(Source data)
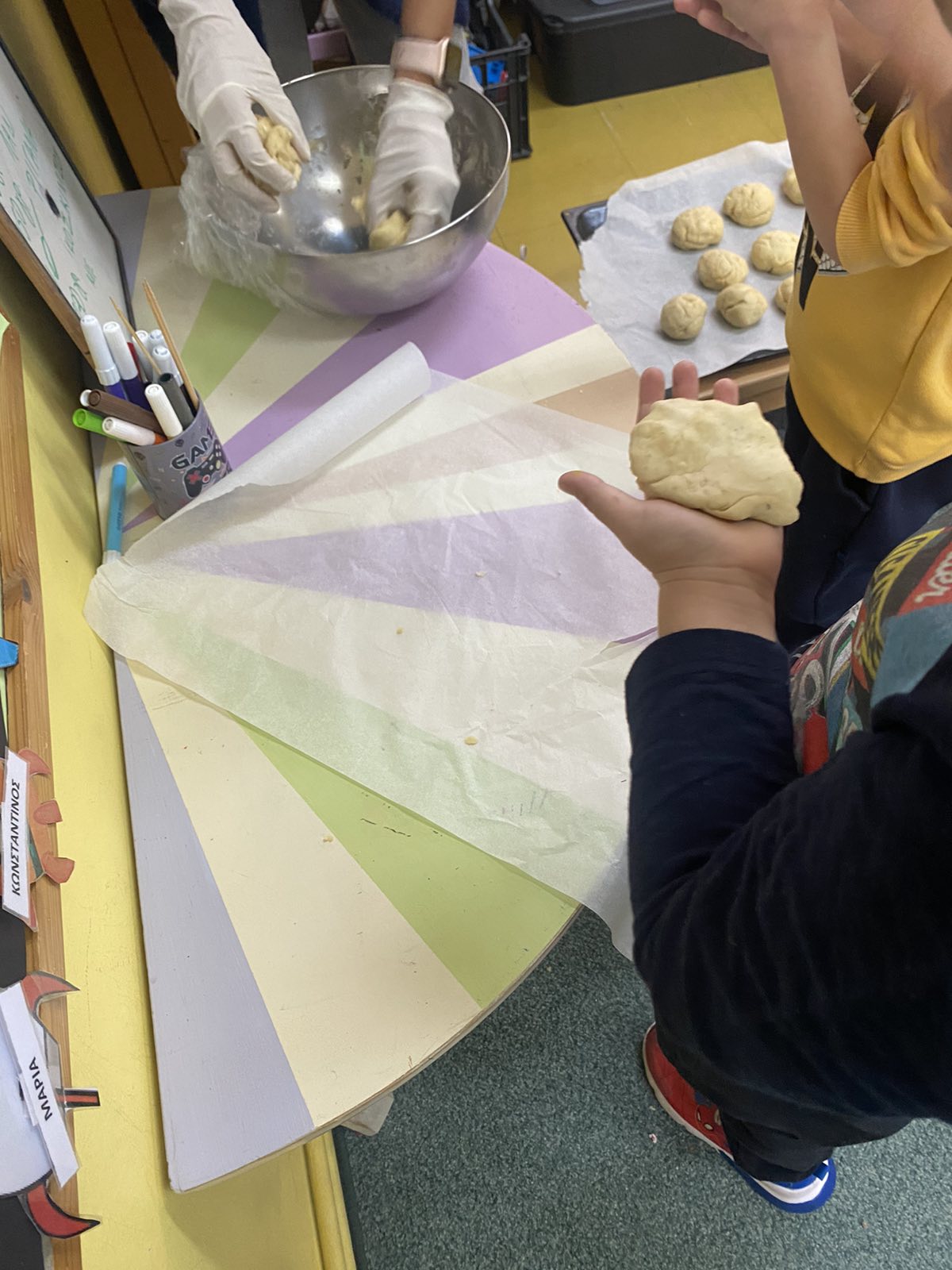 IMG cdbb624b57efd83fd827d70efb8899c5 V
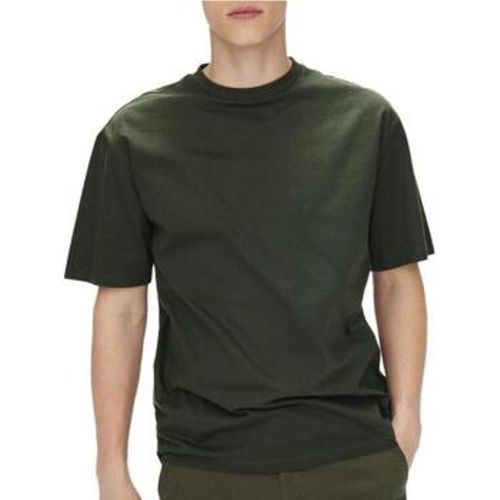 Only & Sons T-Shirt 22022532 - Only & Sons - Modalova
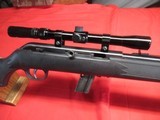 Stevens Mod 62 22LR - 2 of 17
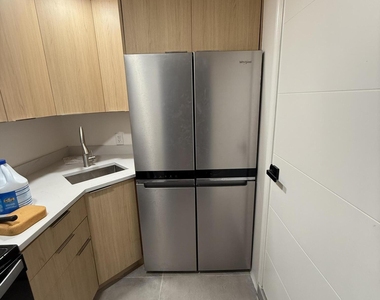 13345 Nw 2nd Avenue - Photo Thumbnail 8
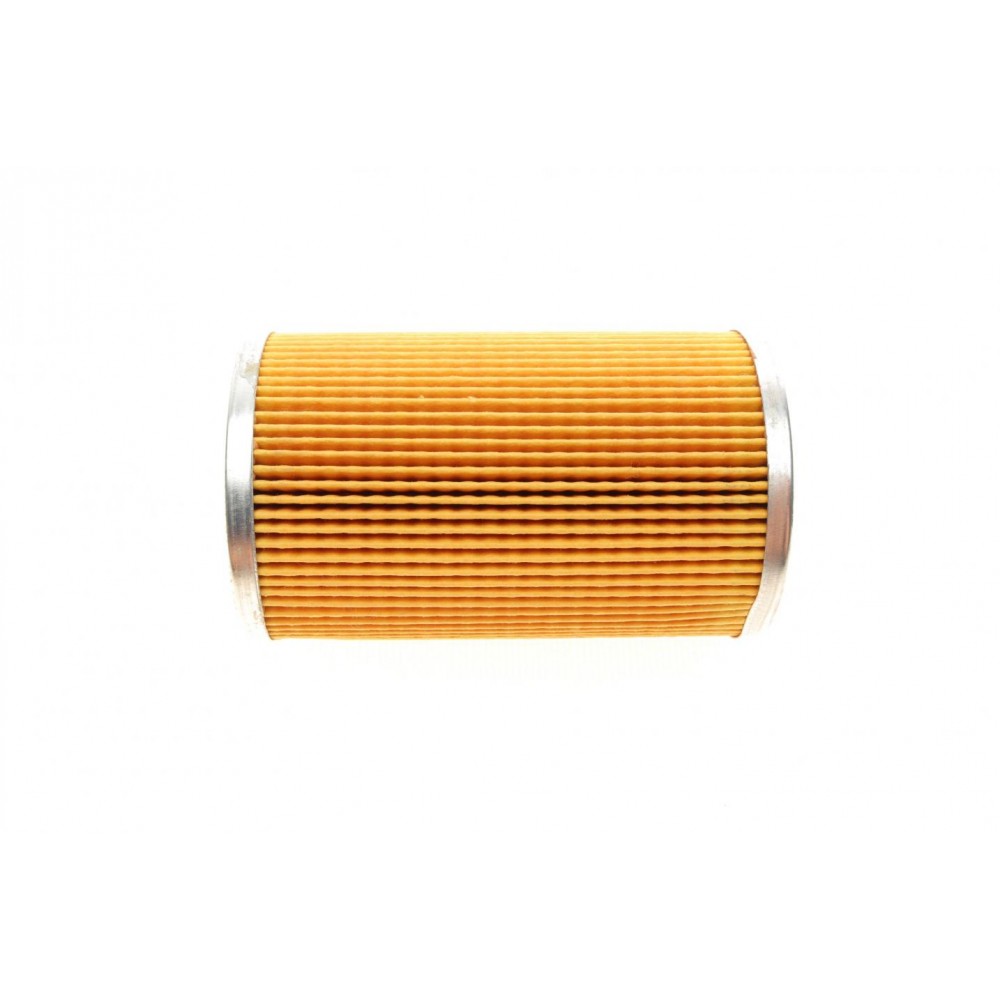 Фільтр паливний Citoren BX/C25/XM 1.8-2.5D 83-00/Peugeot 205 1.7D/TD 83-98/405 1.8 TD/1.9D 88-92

#### What this task involves
Only the lines from the line holding "Stevens Mod 62 22LR - 2 of 17" through the last line above belong in the answer, repeated exactly; the pictures do not.

#### Exercise answer
 Stevens Mod 62 22LR - 2 of 17
 13345 Nw 2nd Avenue - Photo Thumbnail 8
 Фільтр паливний Citoren BX/C25/XM 1.8-2.5D 83-00/Peugeot 205 1.7D/TD 83-98/405 1.8 TD/1.9D 88-92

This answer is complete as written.